Entries taken from a collection:
=== Section Start ===

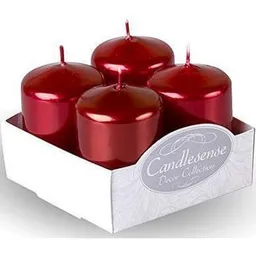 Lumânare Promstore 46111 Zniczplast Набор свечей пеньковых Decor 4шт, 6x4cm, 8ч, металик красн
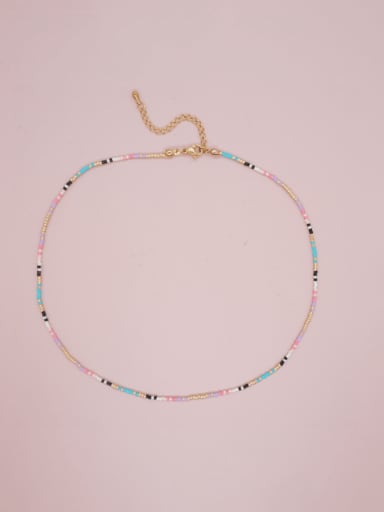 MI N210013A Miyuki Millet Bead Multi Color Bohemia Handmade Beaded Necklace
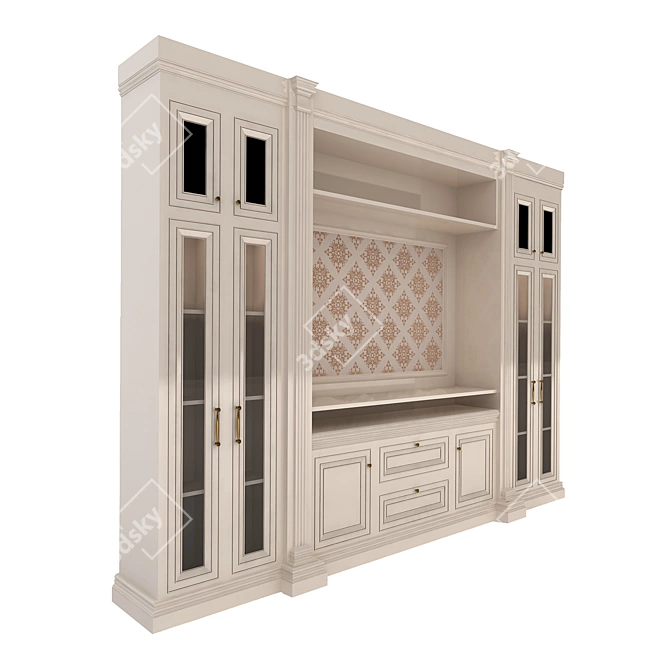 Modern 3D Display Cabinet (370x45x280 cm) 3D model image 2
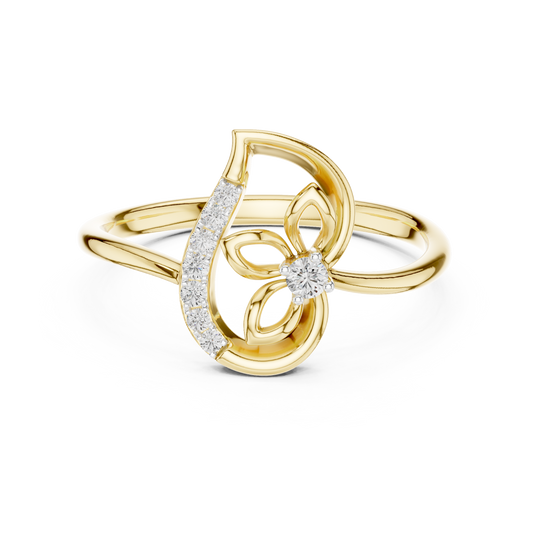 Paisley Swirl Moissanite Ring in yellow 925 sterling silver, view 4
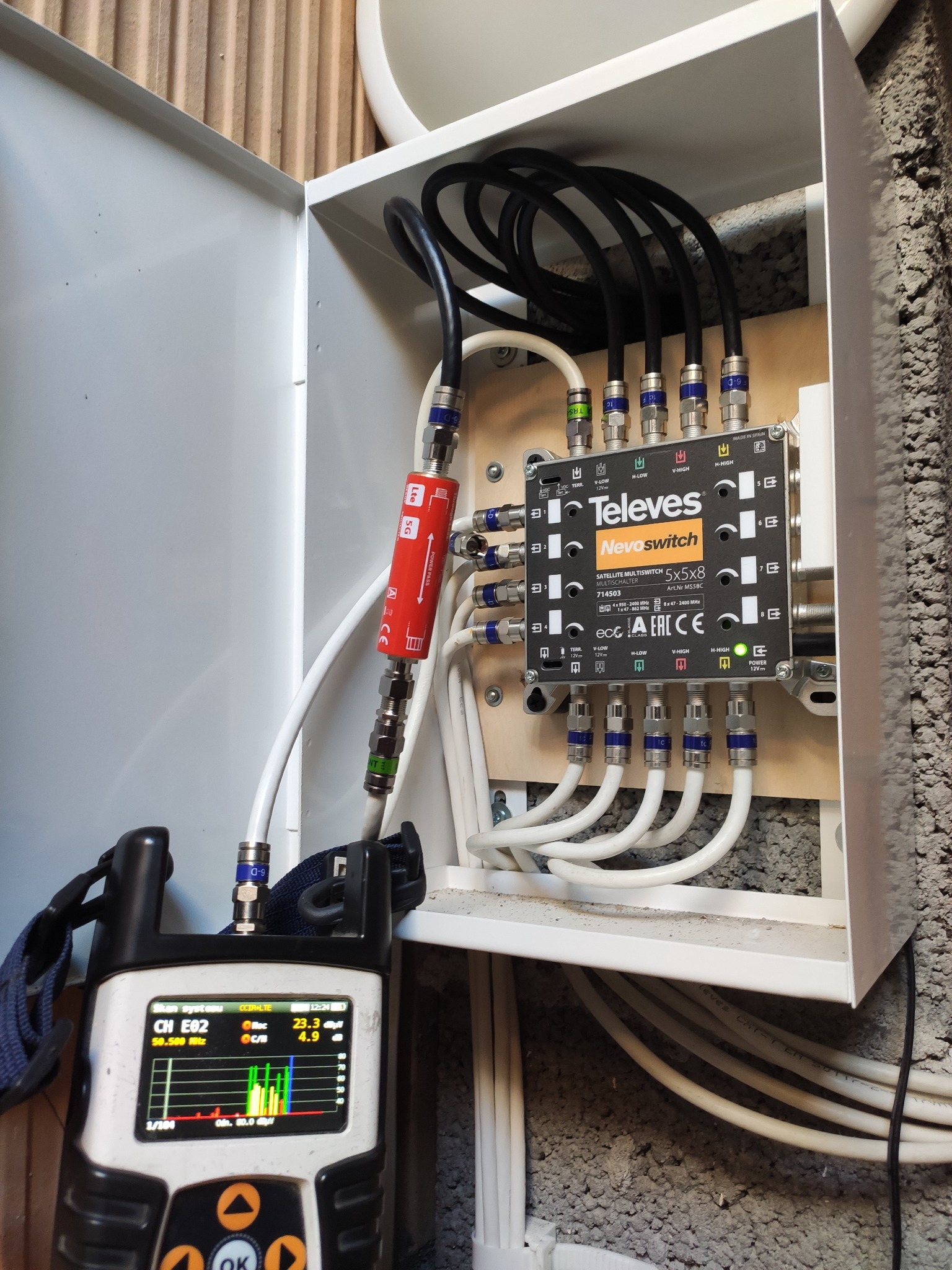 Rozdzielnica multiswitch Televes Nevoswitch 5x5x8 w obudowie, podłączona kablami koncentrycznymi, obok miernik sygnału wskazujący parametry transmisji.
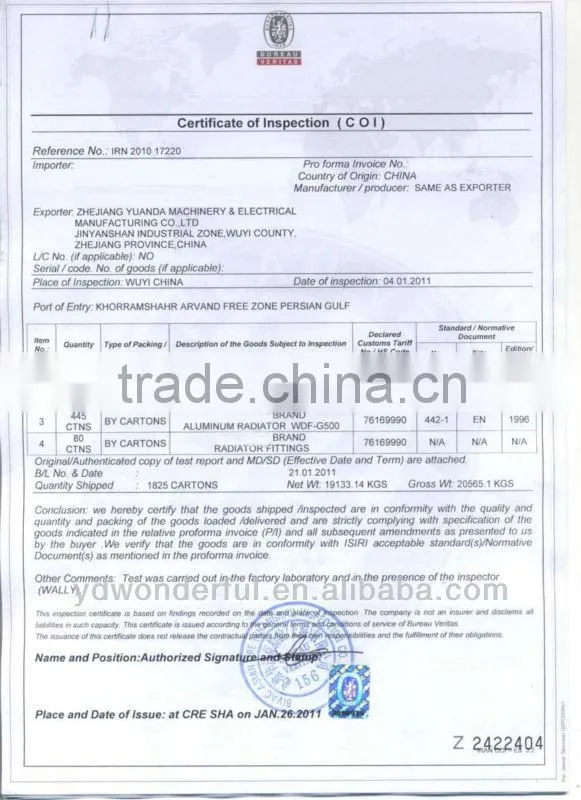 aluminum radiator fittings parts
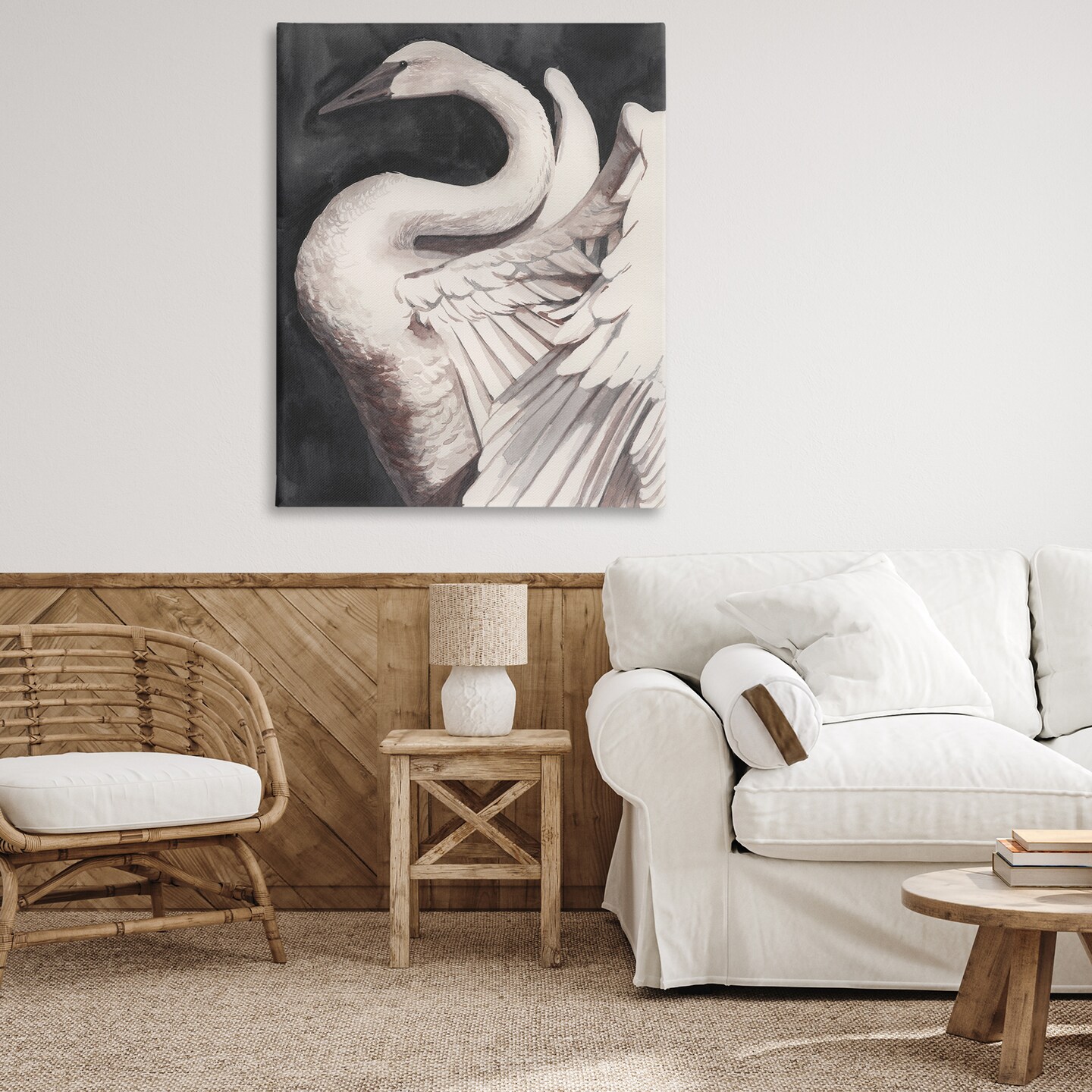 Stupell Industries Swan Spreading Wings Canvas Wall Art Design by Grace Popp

=== Section End ===

### Requirement
Only the lines from the one with "Paisley Swirl Moissanite" through the last line above belong in the answer. Reproduce them exactly, without the pictures.

### Solution to the exercise
 Paisley Swirl Moissanite Ring in yellow 925 sterling silver, view 4
 Rozdzielnica multiswitch Televes Nevoswitch 5x5x8 w obudowie, podłączona kablami koncentrycznymi, obok miernik sygnału wskazujący parametry transmisji.
 aluminum radiator fittings parts
 Stupell Industries Swan Spreading Wings Canvas Wall Art Design by Grace Popp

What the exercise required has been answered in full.